Who’s better off? The foreigners, of course! The trade deficit tells us that more money is going out than coming in. The low margin products provide jobs, profits, new factories, infrastructure and everything else that raises standards of living. Margins may be higher in the United States, but so what? The foreigners are selling more and making more than we are. And they are taking the surplus and buying up U.S. assets.
Is this good?
Is Kessler really thinking…is he offering fresh air or hot air?
*** Addison Wiggin is taking a group of readers to China, where, under the guidance of local experts, they will get to see who’s really sweating and who’s really thinking. There’s one caveat: The Miss World Pageant is being held at the same hotel in Shanghai during Addison’s visit. Focus on trade dynamics may suffer.
*** A Daily Reckoning reader writes:
"I day-trade index options with the help of astrology. The moon is useful; it moves by far the quickest and yields fairly reliable results. Primarily, it’s a mood indicator. However, what one looks for are longer-term configurations of the slower, financially significant planets, taking place over the period of at least a week, up to a month. This increases the odds in one’s favor. Bearing in mind that it is only a matter of discerning increased odds and needs to be coordinated with the trading pattern, sentiment and political winds. There is a fair amount that has been written on the subject, but primarily on longer-term trends. Keeping it on a day trade-type basis simplifies."
*** And another:
"The reality is that we Americans as a whole are in no position to control their government. If we fell pray to a world demanding our debt be paid, our leaders would do so, exclaiming, ‘It was the best thing to do.’ And we all would just sit around doing nothing to stop it and have no say in the transaction. Believe me when I say this will be the end result of the United States as we know it. The world is jealous of us and will do anything to even the playing surface by lowering our standard of living.
"We are now in the final years of this turnover of America.
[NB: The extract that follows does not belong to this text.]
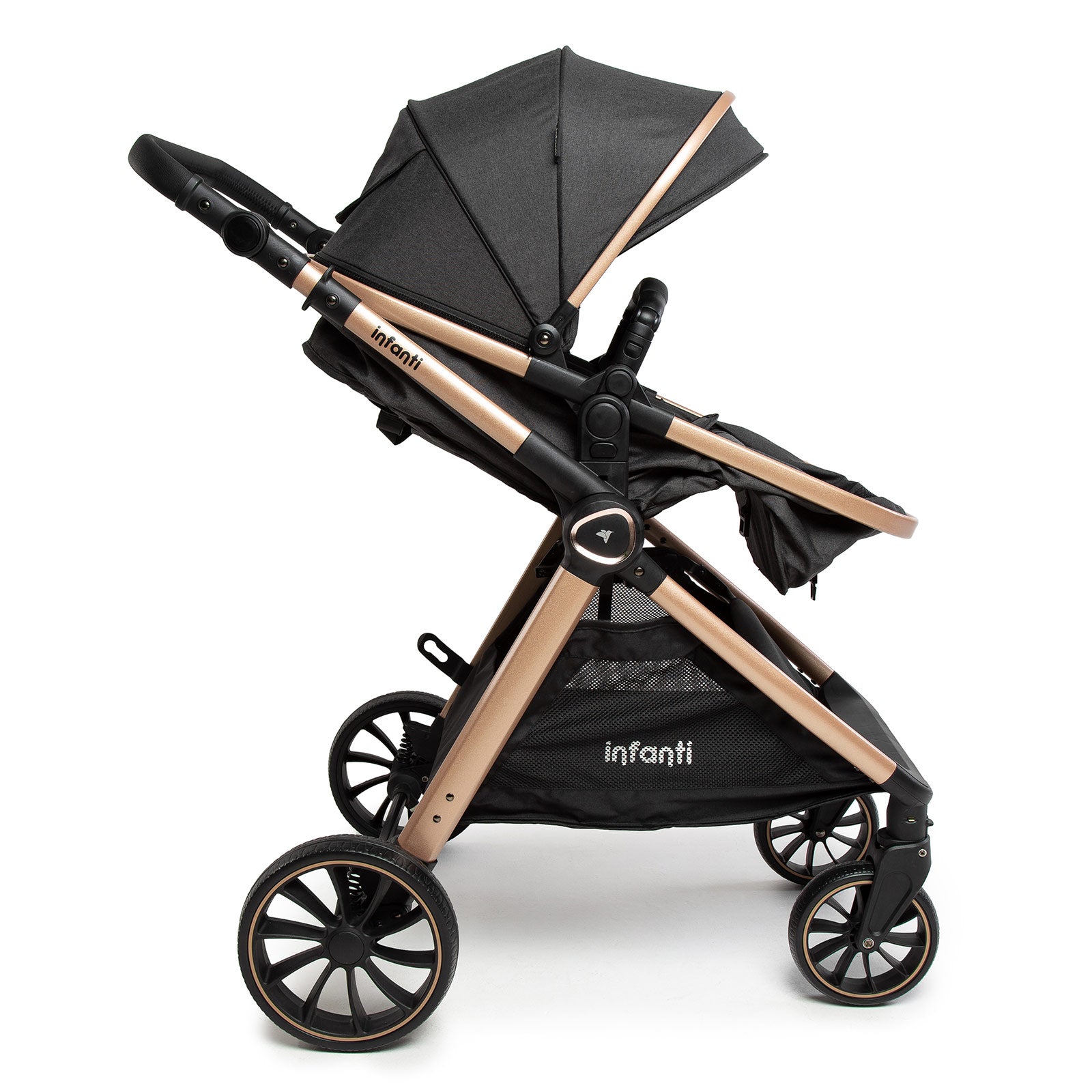 Preto Bronze - IMP02450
We now are a slave country and can do nothing to reverse the course, short of civil war to change the current dictatorship!
"Not even guns and gold can save us. Move to another country with running water and no McDonald’s or Wal-Mart and you may have half a chance!"
"I blame Wal-Mart for part of this. They have taught our leaders how to make slaves cheap and crushed the manufacturers here by buying abroad by underselling good, decent, hardworking, tax-paying small-business owners, calling it competition and driving them out of business. If you want to try to save this country, STOP buying at WAL-MART and start buying everywhere else, from the few mom and pop stores left, and not from the other types – you know, the ones that come from other countries. I am not saying they’re bad, but why take a chance of giving your money to someone that may or may not be sending it somewhere else in the world?"
*** Bringing the "gift of democracy" to the desert tribes of Mesopotamia seems increasingly thankless. The Iraqis seem almost ungrateful. The International Herald Tribune reports that there were 2,300 attacks against the gift-bearers last month.
An excerpt from The Washington Times:
"Laborer Mohammad Jassem, however, defended the right of Iraqis to kill and terrify Americans and those who work with them. ‘Who told them to come here and sell our fortunes?’ he asked. ‘I would not only kill an American, I would slaughter him and drink his blood. We’ll never forget what the Americans have done to us…every honorable Iraqi approves of killing Americans and beheading them. They should get out of our country.’